### DATA LISTING
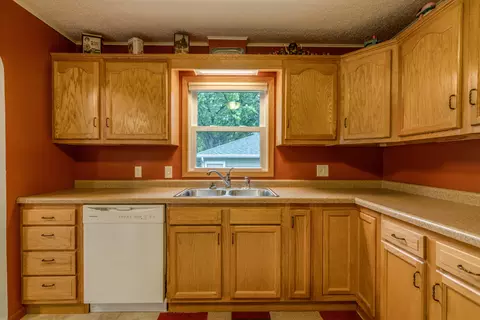 1311 Apache St, Bismarck, ND 58501 photo 12
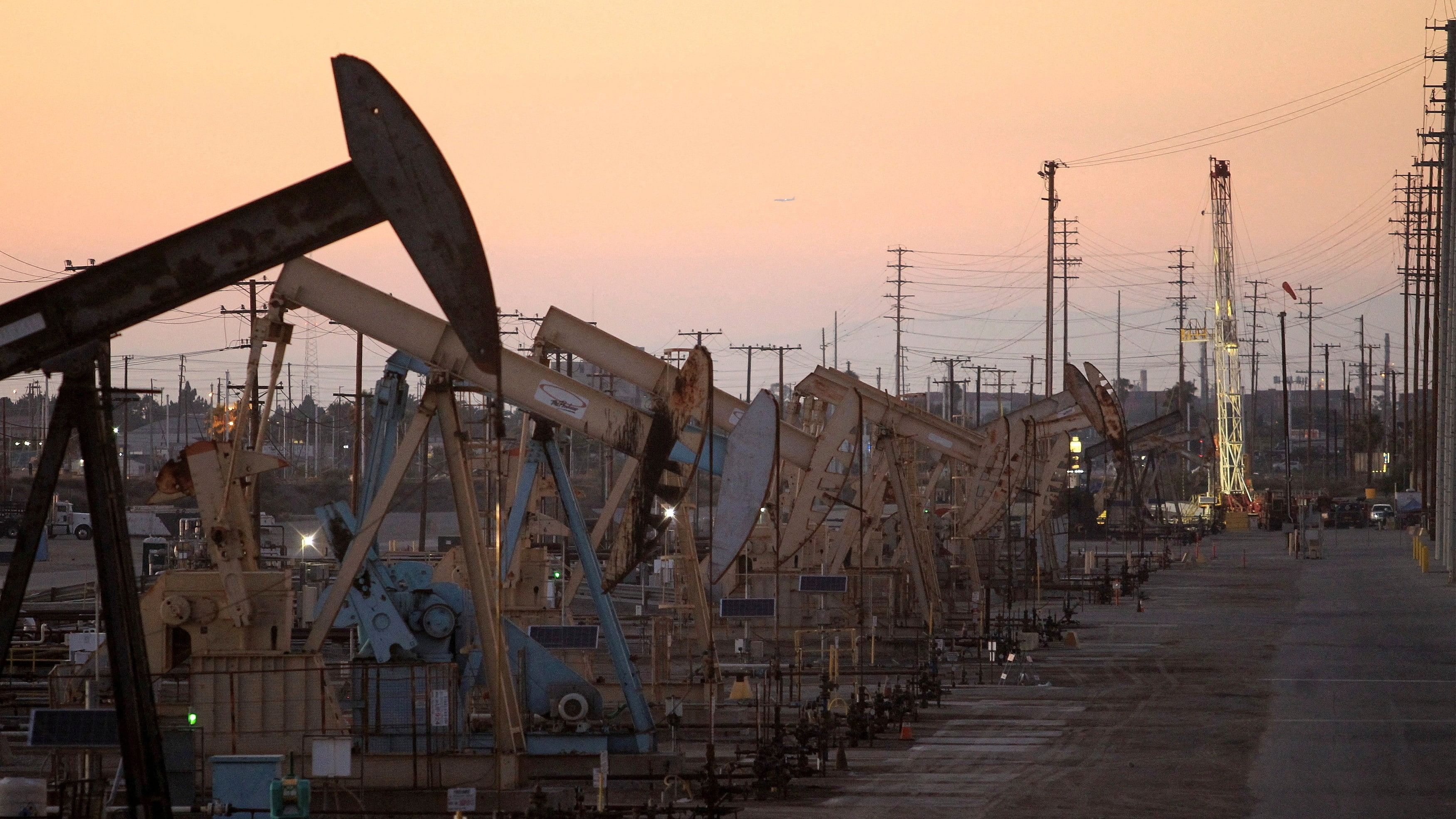 <div class="paragraphs"><p>Oil rig pumpjacks, also known as thirsty birds, extract crude from the Wilmington Field oil deposits area near Long Beach, California.</p></div>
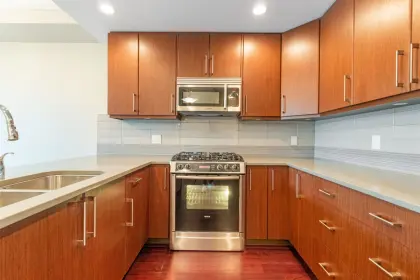 404 15336 17a Avenue, Surrey, BC, Surrey — Apartment/Condo for sale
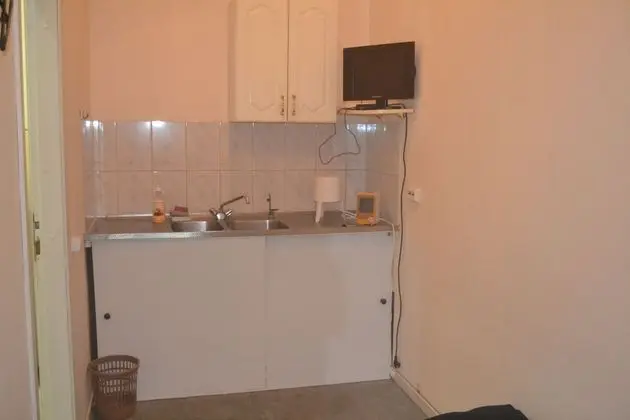 Basic Tek Büyük Yataklı Oda, Ortak Banyo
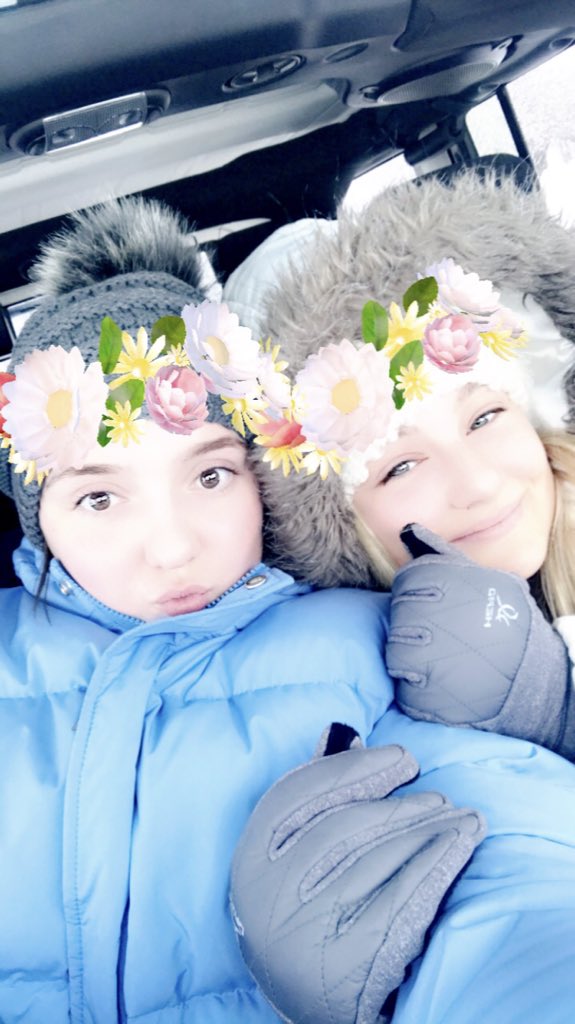 kelliwaldronnn's tweet photo. Happy 18th birthday Abi!!! Love you lotsssss♥️♥️♥️ https://t.co/l9LJUWhFe1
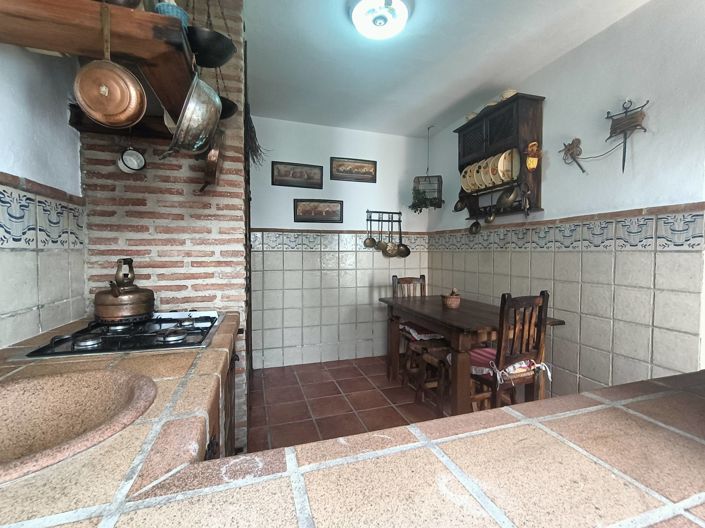 Image No.23-4 Bed Village House for sale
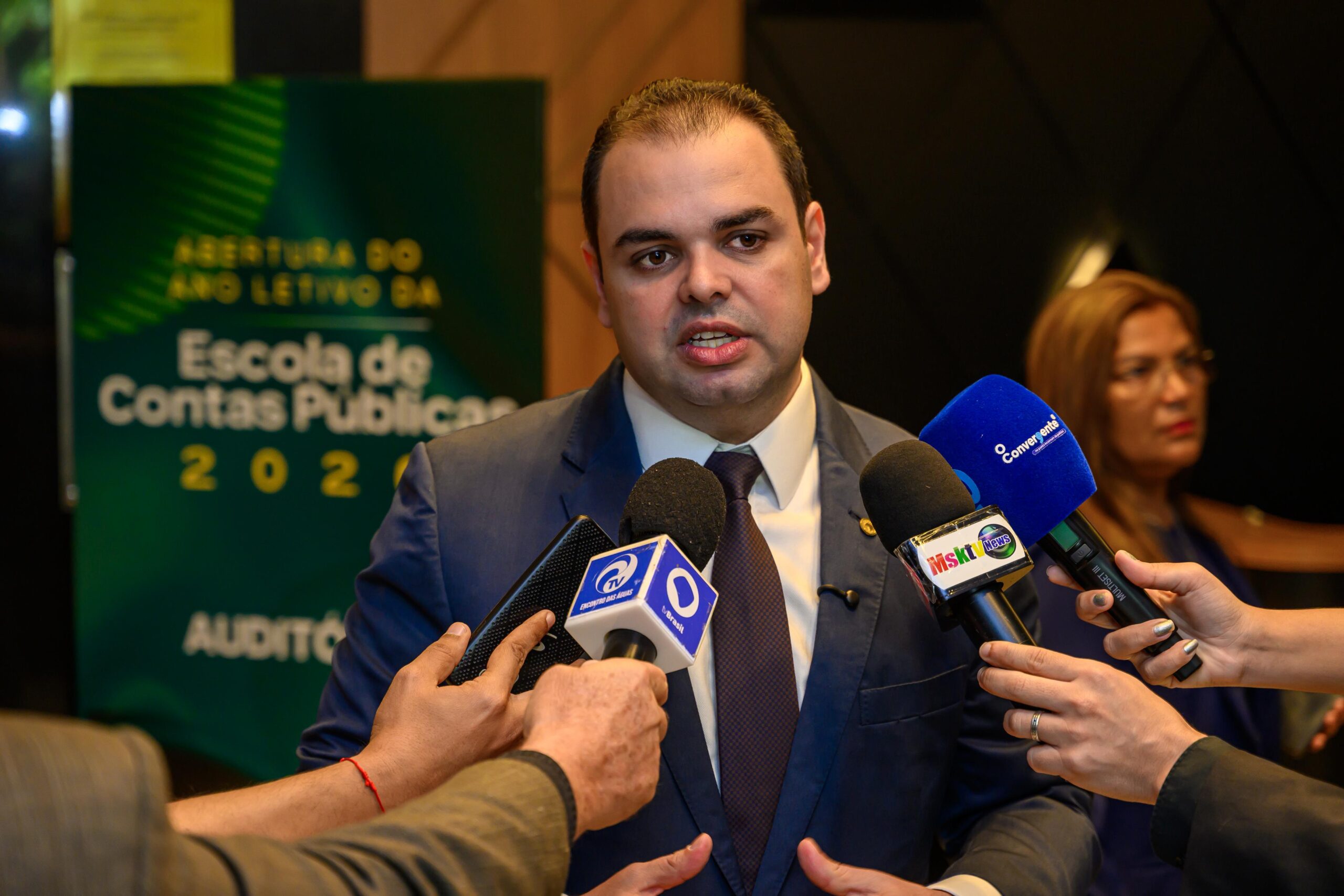 Roberto Cidade destaca união das instituições pela educação, na abertura do ano letivo da Escola de Contas do TCE-AM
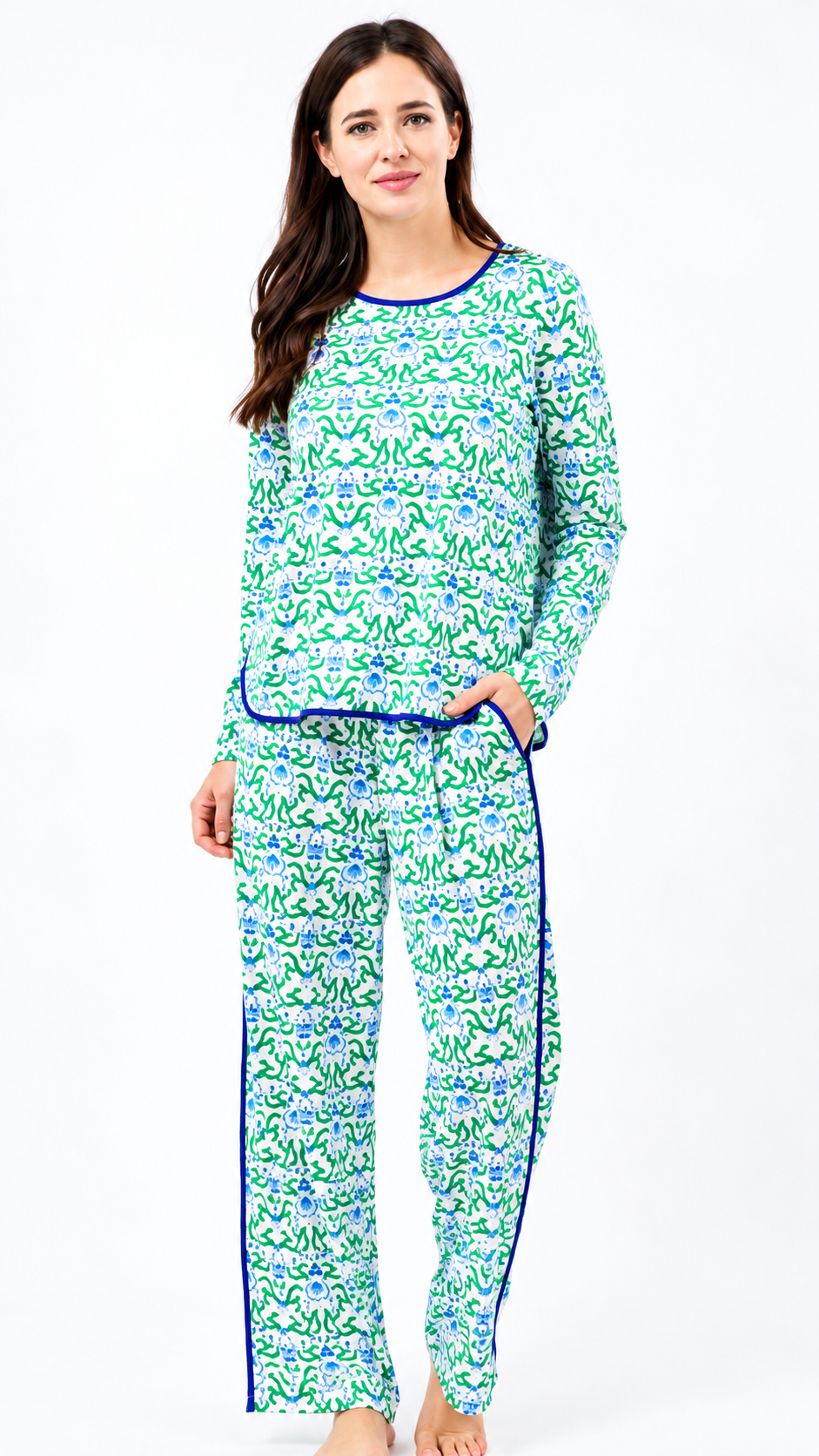 MS Garland Tapestry Melody Pajamas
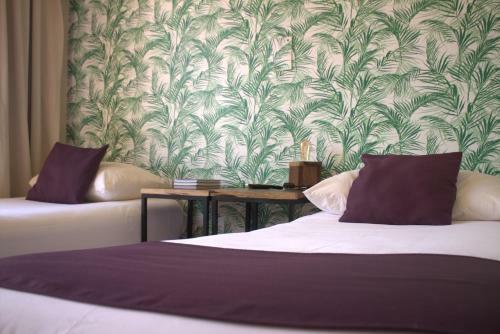 City Hotel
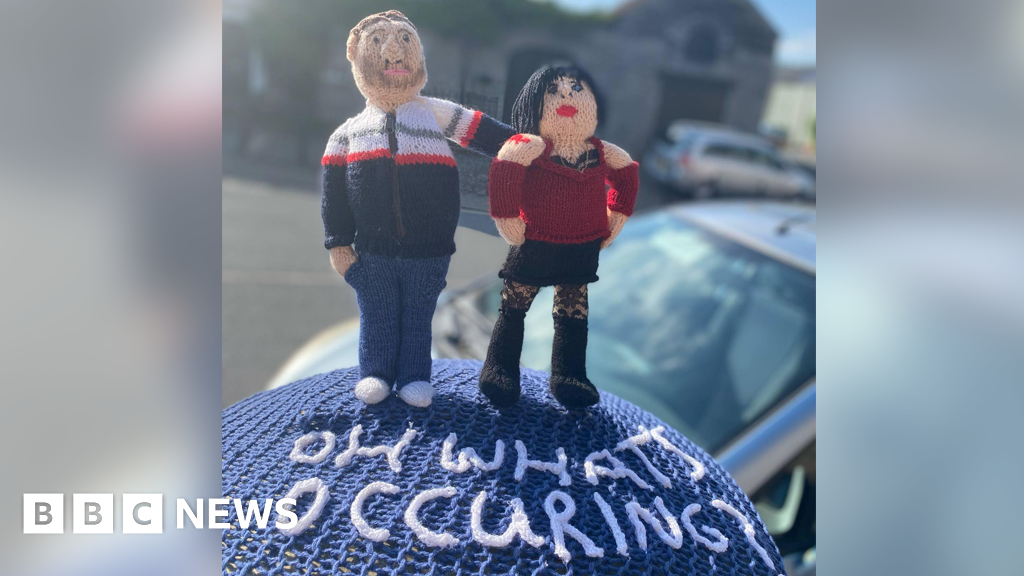 hay-on-whye-festival-gavin-&-stacey-postbox-topper-vandalked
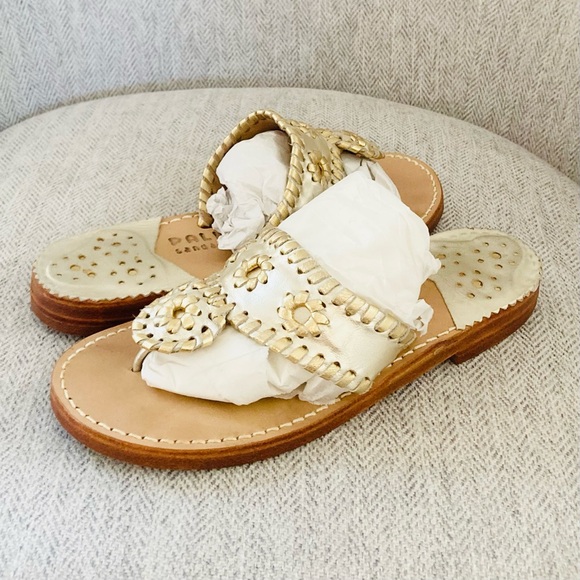 Elegant Gold Women's Sandals - Picture 6 of 10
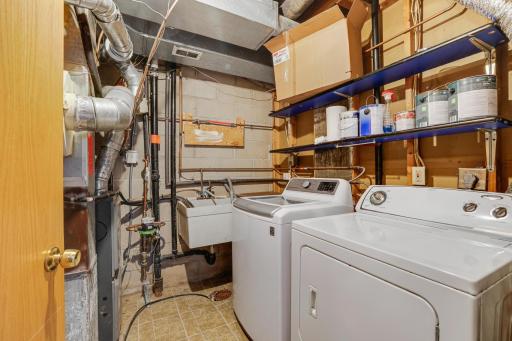 2305 E 122nd Street, Burnsville, MN 55337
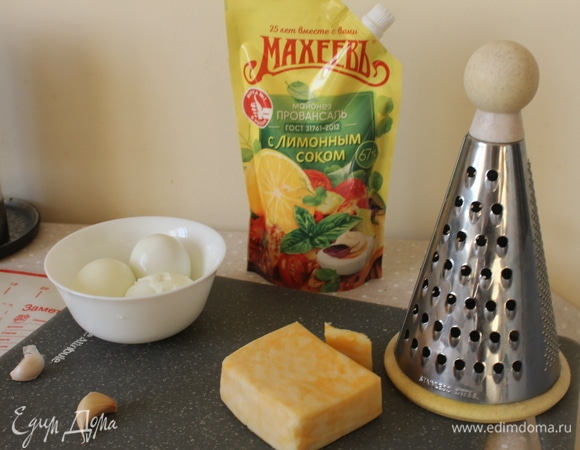 Готовим начинку для орешков. Натираем на мелкой терке яйца отварные и очищенные, твердый сыр, добавляем мелко нарезанный укроп, выдавливаем пару зубчиков чеснока, солим, перчим по вкусу. Заправляем майонезом ТМ «Махеевъ» по вкусу (у меня ушло примерно 3 ст. л.).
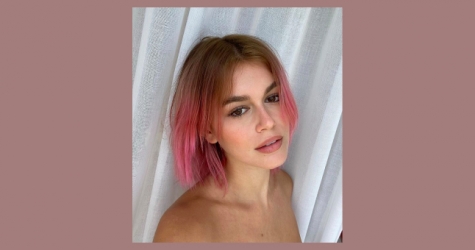 Кайя Гербер снова сменила цвет волос — на розовый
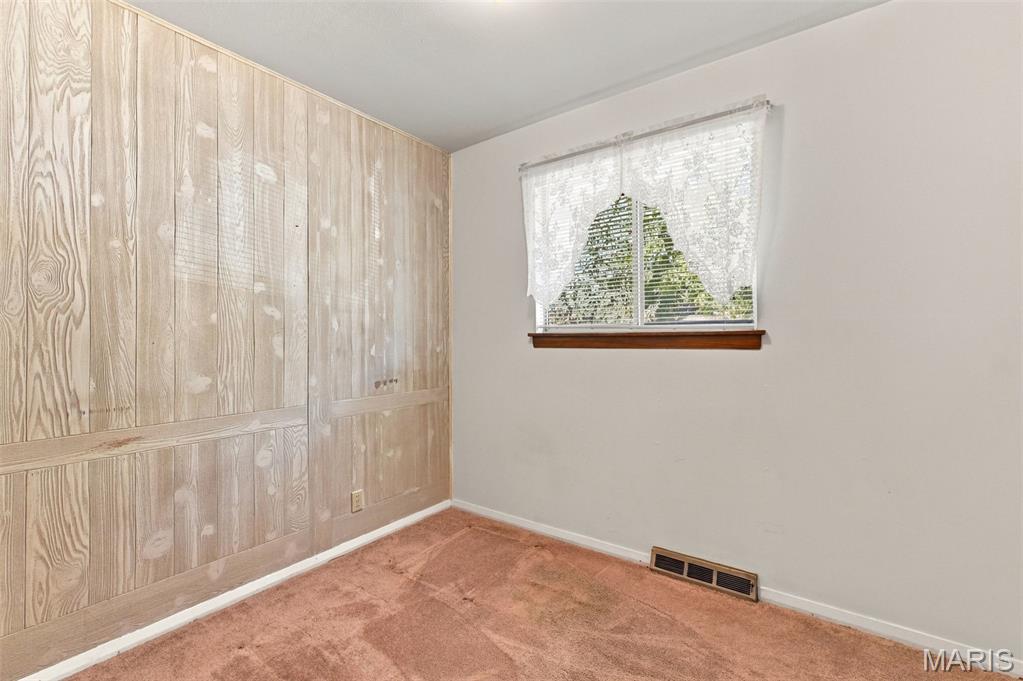 8622 North Avenue Property Photo 16
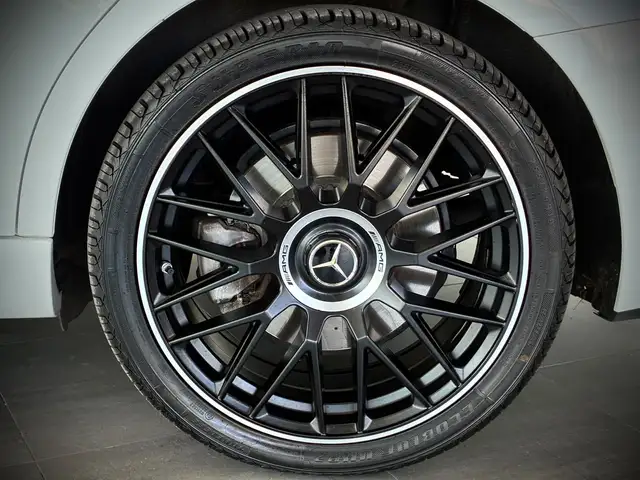 Mercedes-Benz C-Class view 9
######
* **EXERCISE**: Return exactly, and only, the lines that run from the line containing "Roberto Cidade destaca" to the last line of the entries above, both ends included, with pictures left out.

* **TASK OUTPUT**:
 Roberto Cidade destaca união das instituições pela educação, na abertura do ano letivo da Escola de Contas do TCE-AM
 MS Garland Tapestry Melody Pajamas
 City Hotel
 hay-on-whye-festival-gavin-&-stacey-postbox-topper-vandalked
 Elegant Gold Women's Sandals - Picture 6 of 10
 2305 E 122nd Street, Burnsville, MN 55337
 Готовим начинку для орешков. Натираем на мелкой терке яйца отварные и очищенные, твердый сыр, добавляем мелко нарезанный укроп, выдавливаем пару зубчиков чеснока, солим, перчим по вкусу. Заправляем майонезом ТМ «Махеевъ» по вкусу (у меня ушло примерно 3 ст. л.).
 Кайя Гербер снова сменила цвет волос — на розовый
 8622 North Avenue Property Photo 16
 Mercedes-Benz C-Class view 9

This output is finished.